*Exercise details*: Return, with both end lines included, exactly what the data below holds from the line with "CLOTHING LEG BAND SUNLT REFLECTIVE JARof30" through the line with "Tinta Canon GI-16-PGBK Color Negro", though not the pictures.

*Exercise data*:
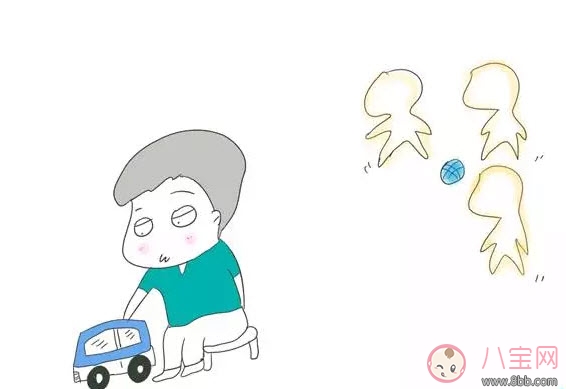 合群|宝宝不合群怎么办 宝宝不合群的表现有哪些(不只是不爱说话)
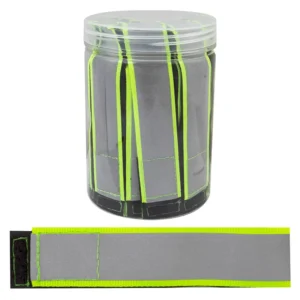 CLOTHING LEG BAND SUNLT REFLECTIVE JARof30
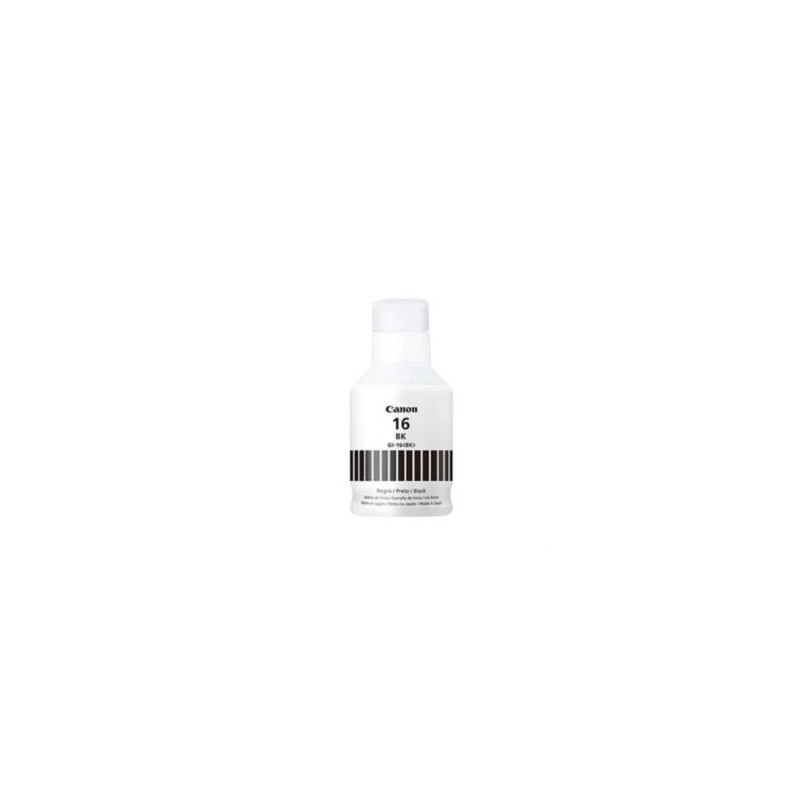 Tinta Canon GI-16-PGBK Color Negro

--

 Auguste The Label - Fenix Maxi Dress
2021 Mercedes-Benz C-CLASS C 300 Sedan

*Output for this task*:
 CLOTHING LEG BAND SUNLT REFLECTIVE JARof30
 Tinta Canon GI-16-PGBK Color Negro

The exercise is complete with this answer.